[eschaider]

There is a lot of urban legend surrounding flat plane cranks. Most of it is just that, urban legend! There are two couples or forces in two different planes that a conventional non-flat plane crank makes easier to resolve (balance out). With a flat plane crank the balance in one of those planes remains unresolved. It is typically the horizontal plane.

While you might possibly detect the out of balance condition it is more likely you will not. The fasteners on the vehicle that are not Loktited® however will and without some type of thread locker they can, over time, potentially loosen.

While the design of the crankshaft has caused some to speculate the V8 versions of a flat crank motor fire two cylinders simultaneously that is most often because the appearance of two pistons at TDC simultaneously is for some reason more visible. In fact out 90˚ degree cranks also bring two pistons to TDC simultaneously and God knows we don't light both of them at the same time! They get lit 360˚ apart from one another — same thing on a flat crank engine as someone has already pointed out.

The V8 version of the engines sound like two synchronized four cylinder engines on each side of the car because that is essentially what is happening. The staccato note in our exhausts is caused by a successive cylinder firing but not on the same side of the engine. With a flat crank there is a firing pulse form each cylinder, on each bank, every 90˚ of crankshaft rotation. Not so on a traditional 90˚ crank.

The design is so poorly thought of that you will find it in F-1 engines competing (very effectively) with other F-1 engines that use 90˚cranks! The flat crank while possible to manufacture w/o counterweights is infact, in all modern implementations, manufactured with counterweights. The flat crank design allows for a small but measurable reduction in both engine weight and rotating weights which in highly competitive classes like F-1 can potentially translate into a performance advantage.

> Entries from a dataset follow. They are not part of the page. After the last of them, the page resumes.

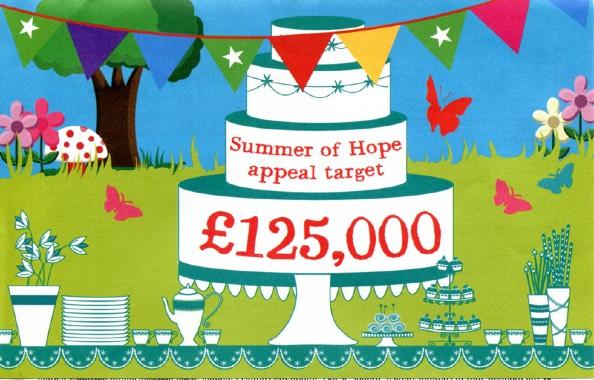 Following in Mary Sumner s Footsteps Summer of Hope Appeal The Summer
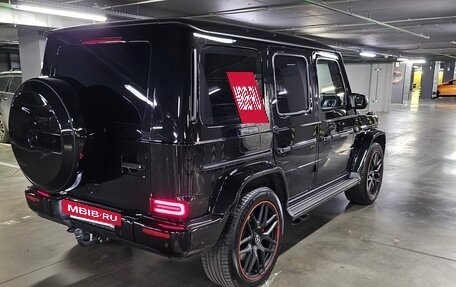 Mercedes-Benz G-Класс AMG, 2018 год, 15 000 000 рублей, 4 фотография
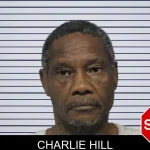 Charlie Hill mugshot – Bibb County , Georgia Charlie Hill mugshot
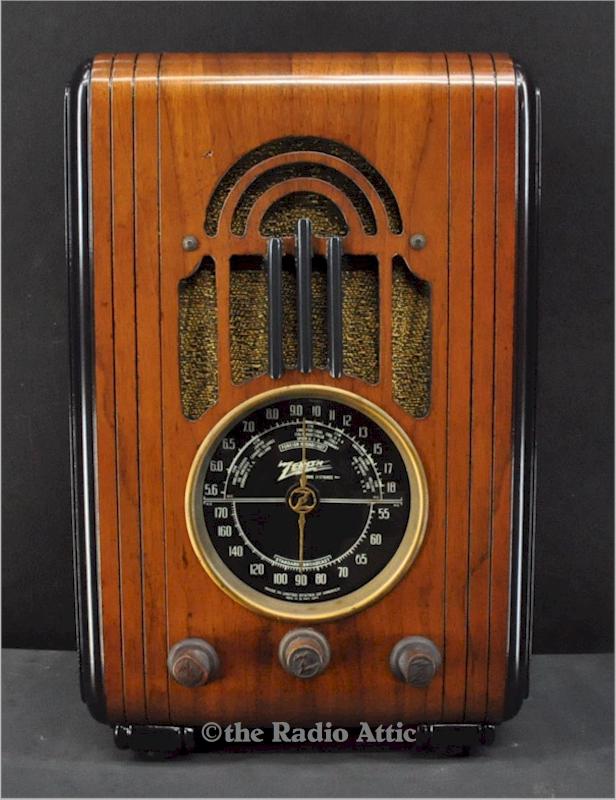 Zenith 5-S-228 (1938)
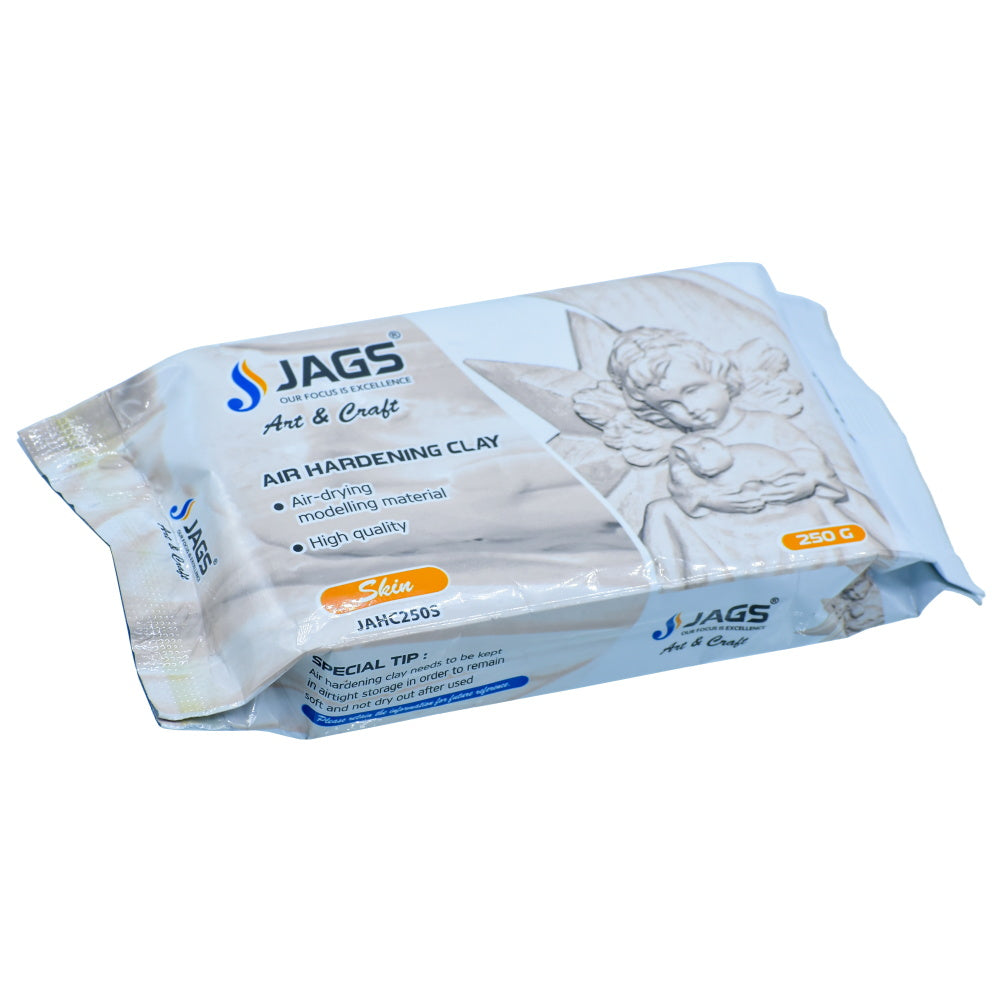 Gift To Love | Air Hardening Clay | Color : Skin | Pcs : 250 Grams | Code : JAHC250S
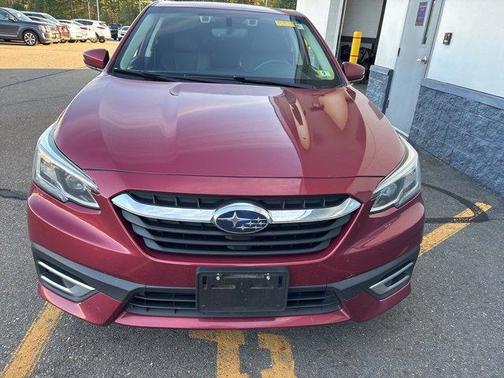 2020 Subaru Legacy Limited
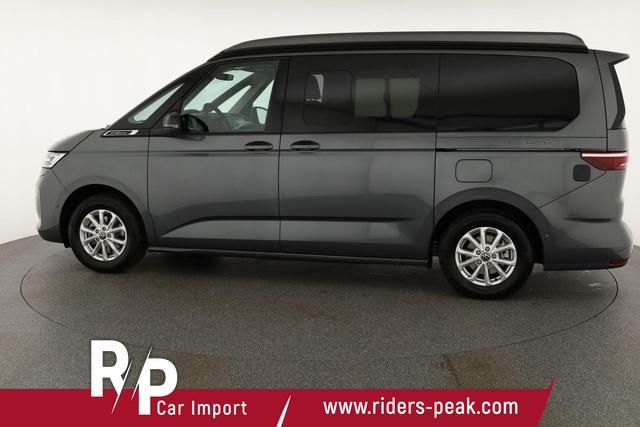 Volkswagen T7 California Beach Camper TDI DSG, AHK, IQ.Light, Side, Kamera, Standheizung 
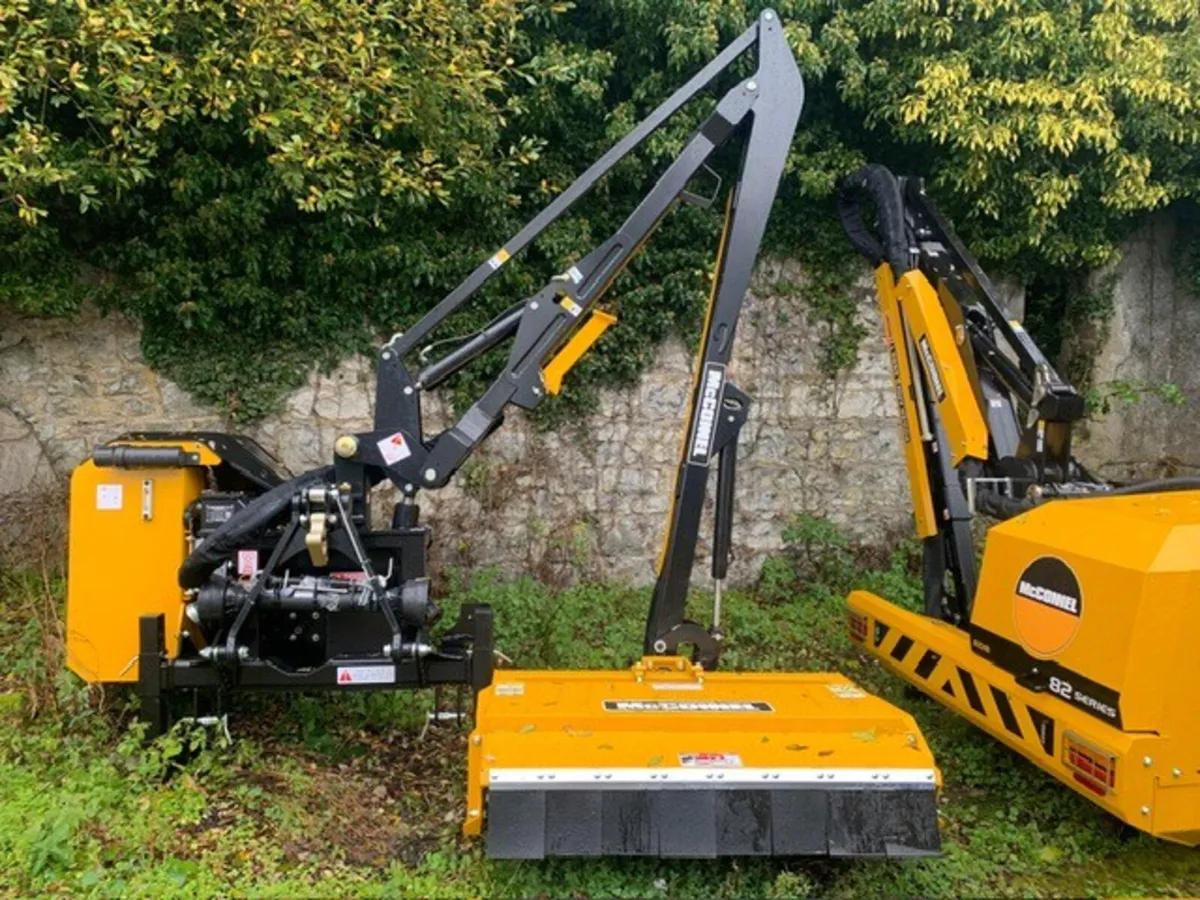 MCCONNEL PA5762-60HP, NEW - Image 3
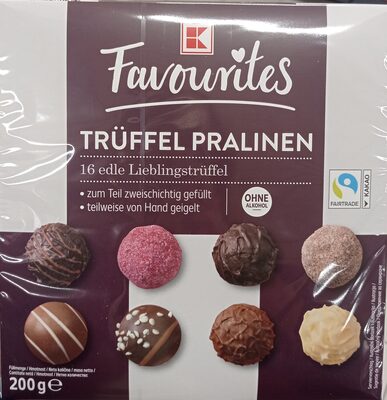 Favourites Praline 200 g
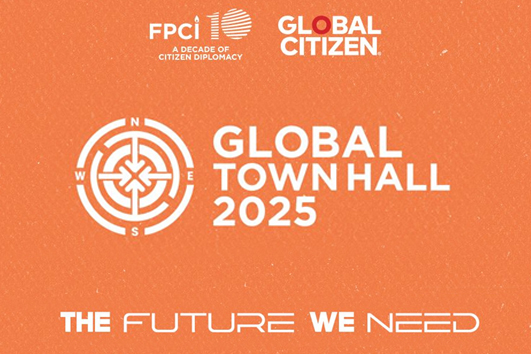 Global Town Hall 2025 Highlights South-South Cooperation and Citizen Leadership for “The Future We Need”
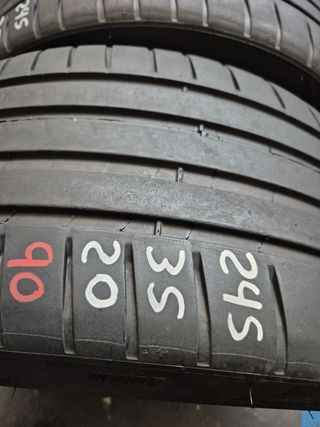Neumáticos 245/35/20 usados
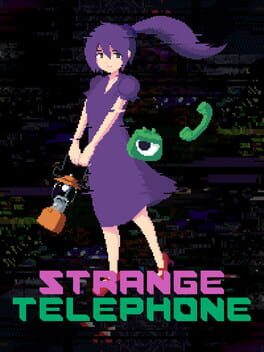 Boxart for Strange Telephone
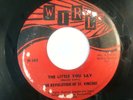 THE REVOLUTION OF ST. VINCENT - the little you say b/w let your love flow - WIRL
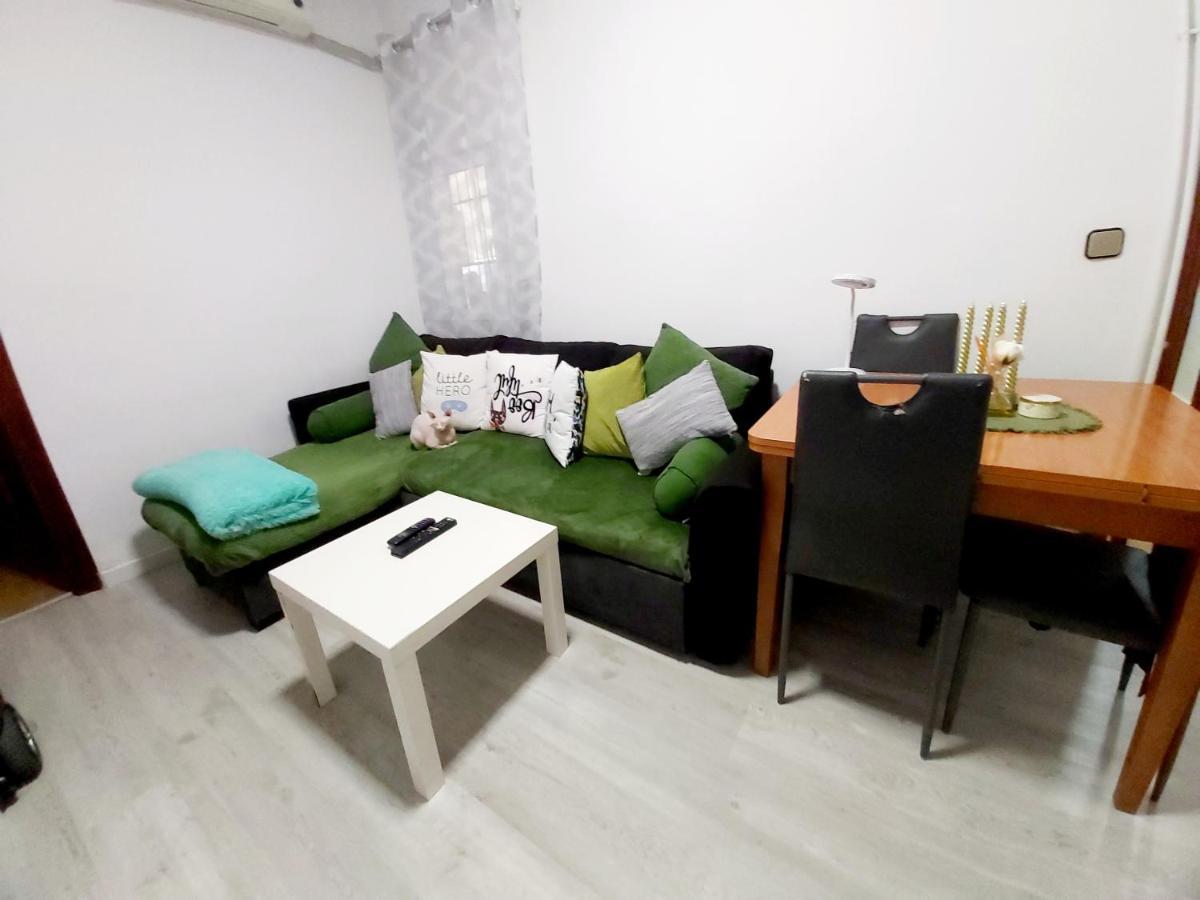 マドリードCasa De Cissアパートメント エクステリア 写真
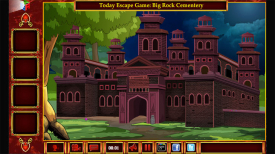 A Secret Plan - Castle
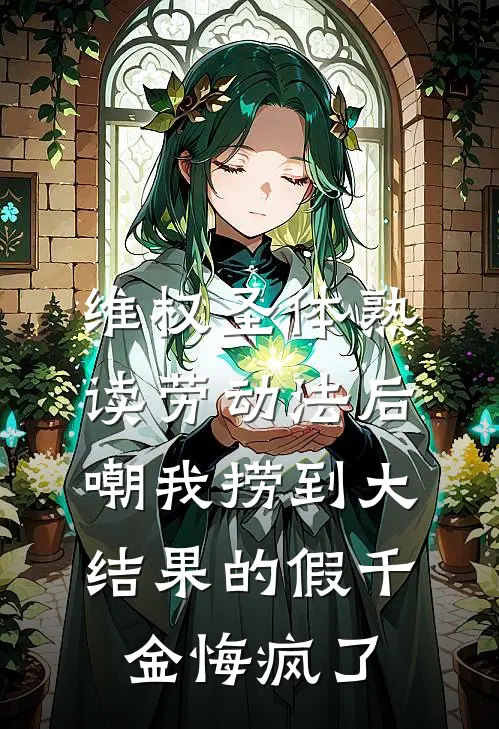 维权圣体熟读劳动法后，嘲我捞到大结果的假千金悔疯了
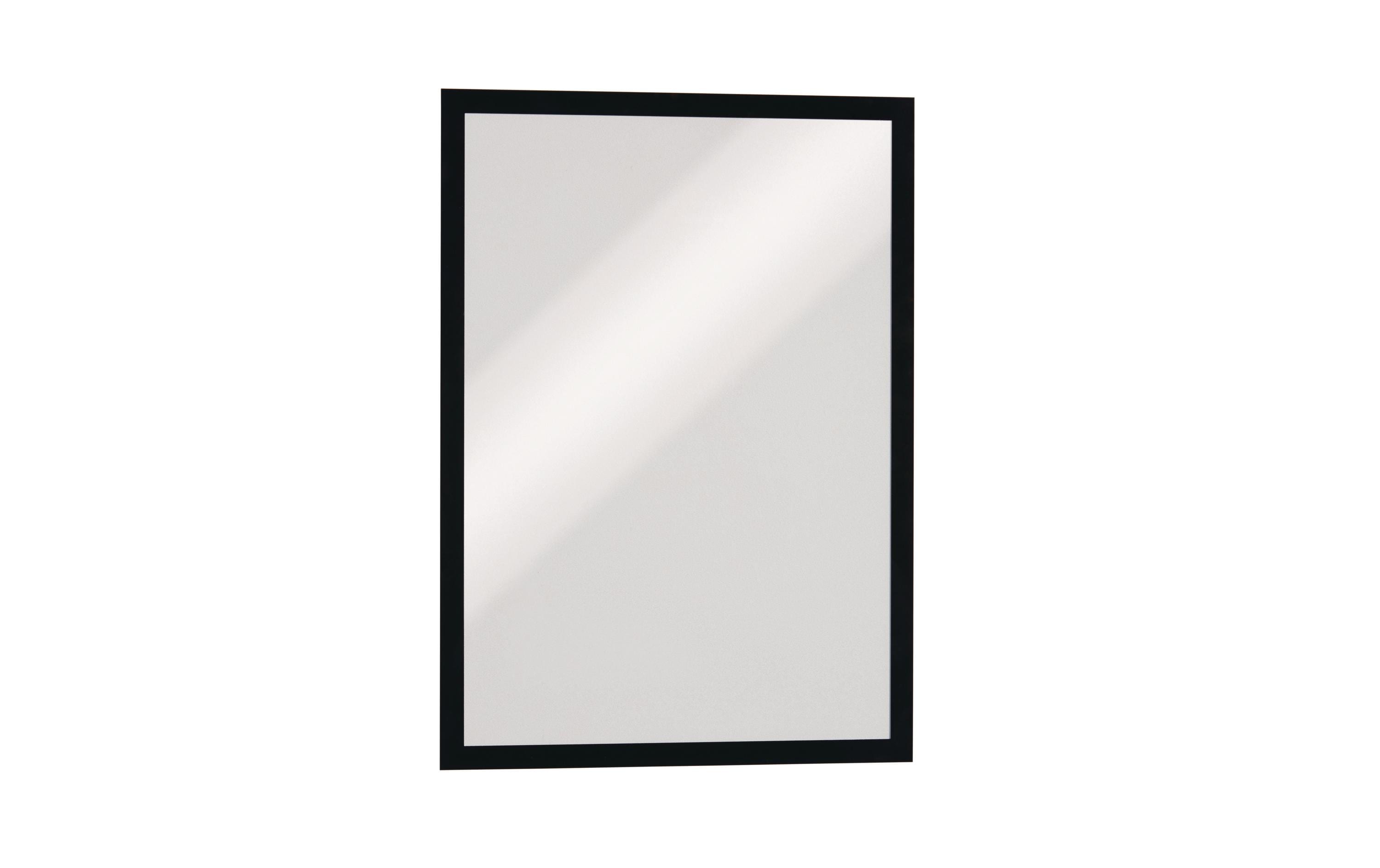 DURABLE Präsentationsrahmen Duraframe Magnetic A3 5 Stück Schwarz DURABLE Präsentationsrahmen Duraframe Magnetic A3 5 Stück Schwarz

There are those who will also argue that the more uniform bank to bank firing order of a flat crank allows for an intake manifold tuning advantage not available to the more conventional 90˚ crank designs. In supercharged applications the intake manifold design issues / considerations tend to be different than for similar n/a engines. Any resonance dynamics available to n/a engines because of the crankshaft design, for all intents and purposes, do not translate over to the supercharged versions of the engines.


Ed